いままでディーゼルのPHEVはあまり作られてこなかった
メルセデス・ベンツが、第46回東京モーターショーで、日本初導入となるディーゼルエンジンのプラグインハイブリッド車(PHEV)E350deを出展した。このクルマは、日本と欧州でしか販売しないという。
いま欧州では、電動化の取り組みとしてガソリンエンジン車のPHEVは電気自動車(EV)とあわせて盛んに開発されているが、ディーゼルでのPHEVは多くない。
高価なディーゼルPHEVの需要にはドイツ特有の事情がある
ディーゼルターボエンジンは、ガソリンエンジンに比べ燃費が良いことで知られ、2000年以降欧州で販売台数を飛躍的に伸ばしてきた。一方、2015年に米国で起きたフォルクスワーゲン車のディーゼル排ガス偽装問題のように、排ガス浄化と高い動力性能の両立に制約もある。それを突破させたのは、日産ディーゼル(現在のUDトラックス)とダイムラー社がそれぞれ取り組んできた、尿素SCR(選択触媒還元)と呼ばれる排ガス浄化システムだ。それがありながら、なぜVWの排ガス問題が起きたのか。尿素SCRは原価が高いため、より原価の低いNOx触媒で排ガス浄化と高性能化をやろうとして失敗したのである。

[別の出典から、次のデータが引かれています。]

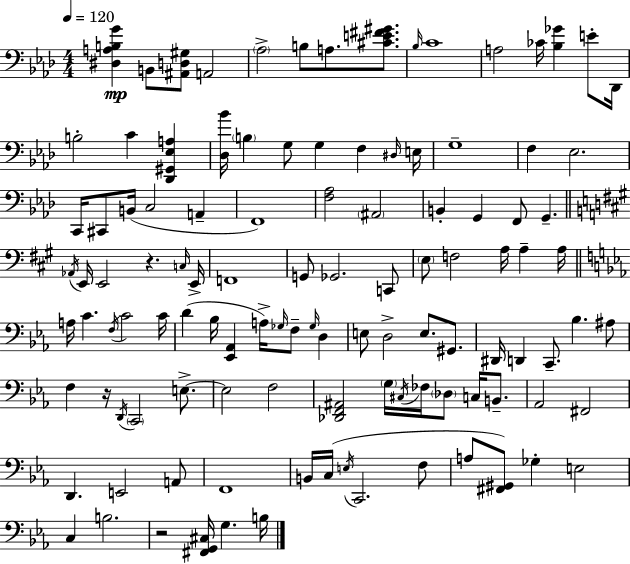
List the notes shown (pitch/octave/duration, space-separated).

[D#3,A3,B3,G4]/q B2/e [A#2,D3,G#3]/e A2/h Ab3/h B3/e A3/e. [C#4,E4,F#4,G#4]/e. Bb3/s C4/w A3/h CES4/s [Bb3,Gb4]/q E4/e Db2/s B3/h C4/q [Db2,G#2,Eb3,A3]/q [Db3,Bb4]/s B3/q G3/e G3/q F3/q D#3/s E3/s G3/w F3/q Eb3/h. C2/s C#2/e B2/s C3/h A2/q F2/w [F3,Ab3]/h A#2/h B2/q G2/q F2/e G2/q. Ab2/s E2/s E2/h R/q. C3/s E2/s F2/w G2/e Gb2/h. C2/e E3/e F3/h A3/s A3/q A3/s A3/s C4/q. F3/s C4/h C4/s D4/q Bb3/s [Eb2,Ab2]/q A3/s Gb3/s F3/e Gb3/s D3/q E3/e D3/h E3/e. G#2/e. D#2/s D2/q C2/e. Bb3/q. A#3/e F3/q R/s D2/s C2/h E3/e. E3/h F3/h [Db2,F2,A#2]/h G3/s C#3/s FES3/s Db3/e C3/s B2/e. Ab2/h F#2/h D2/q. E2/h A2/e F2/w B2/s C3/s E3/s C2/h. F3/e A3/e [F#2,G#2]/e Gb3/q E3/h C3/q B3/h. R/h [F#2,G2,C#3]/s G3/q. B3/s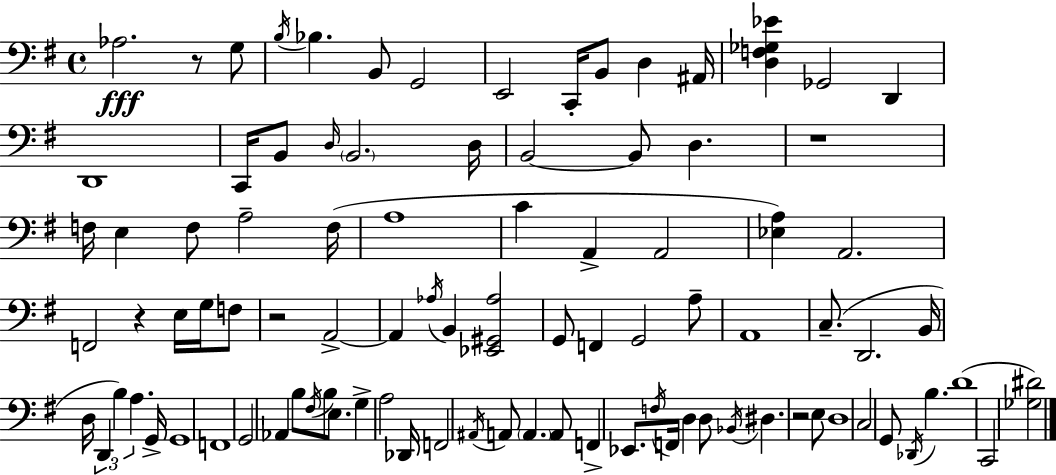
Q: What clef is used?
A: bass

今日、ディーゼルターボエンジン車は尿素SCRを使うことで排ガス浄化と高性能化を両立している。SKYACTIV-Dを用いるマツダは、尿素SCRを使っていないが、最新のディーゼル車を試乗をすると、出力との兼ね合いで限界に達していると感じられる。いずれマツダも、SKYACTIV-Dに尿素SCRを搭載するのではないだろうか。
そのように、最新のディーゼルターボエンジンは、高価な排ガス浄化装置を使って開発しなければならない。加えて電動化のためモーターとリチウムイオンバッテリーを組み合わせるPHEVは、一層高価なクルマになる。メルセデス・ベンツE350deも、その車両価格は875万円に達する。220dの757万円より118万円高く、BSG(ベルトドリブン・スターター・ジェネレーター)装備のもっとも廉価なE200より141万円高い。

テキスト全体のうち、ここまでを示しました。